━━━ Data below

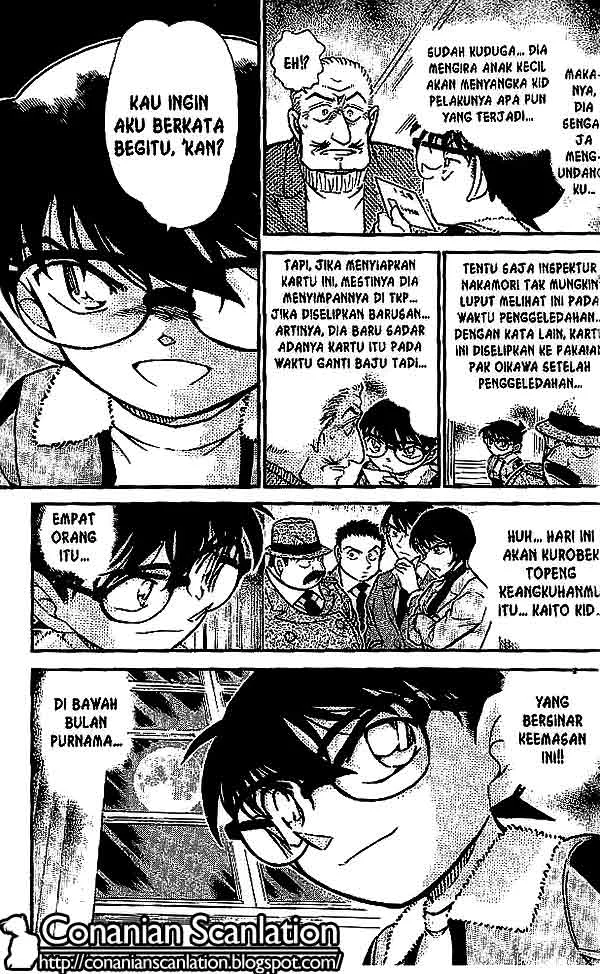 Read Detective Conan ID Manga Online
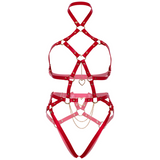 Body-Harness mit Herzketten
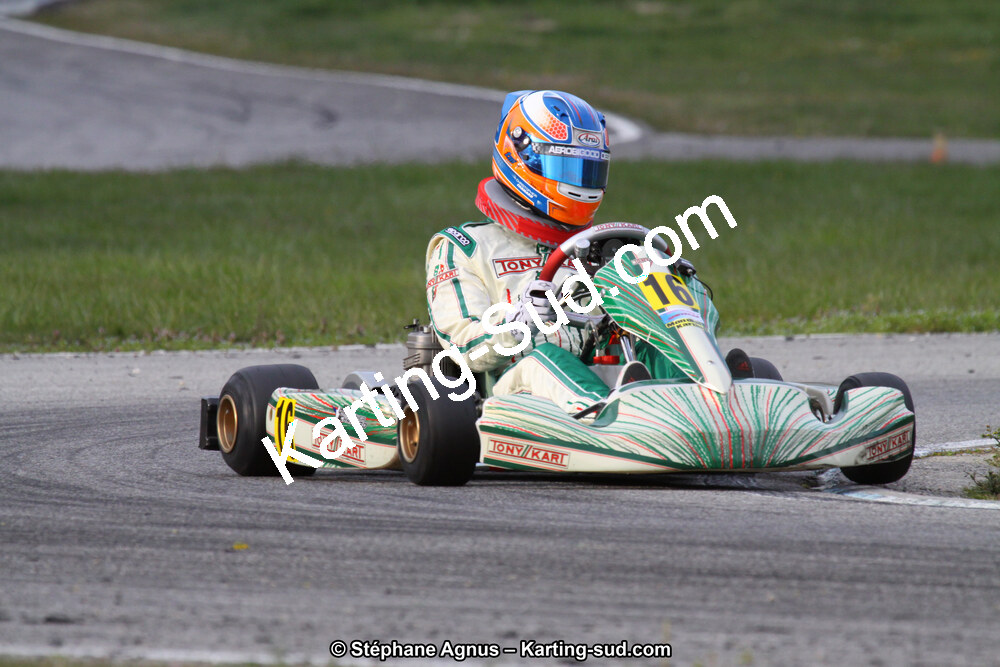 24/03/2013 : 1ère manche du Championnat du Sud 2013 à Lavelanet (Photos Stéphane Agnus) 2013 — karting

━━━━━━

About this task: In the data above, find the line containing "Body-Harness mit Herzketten", then output it and every later line exactly, without the pictures.

Exercise response:
 Body-Harness mit Herzketten
 24/03/2013 : 1ère manche du Championnat du Sud 2013 à Lavelanet (Photos Stéphane Agnus) 2013 — karting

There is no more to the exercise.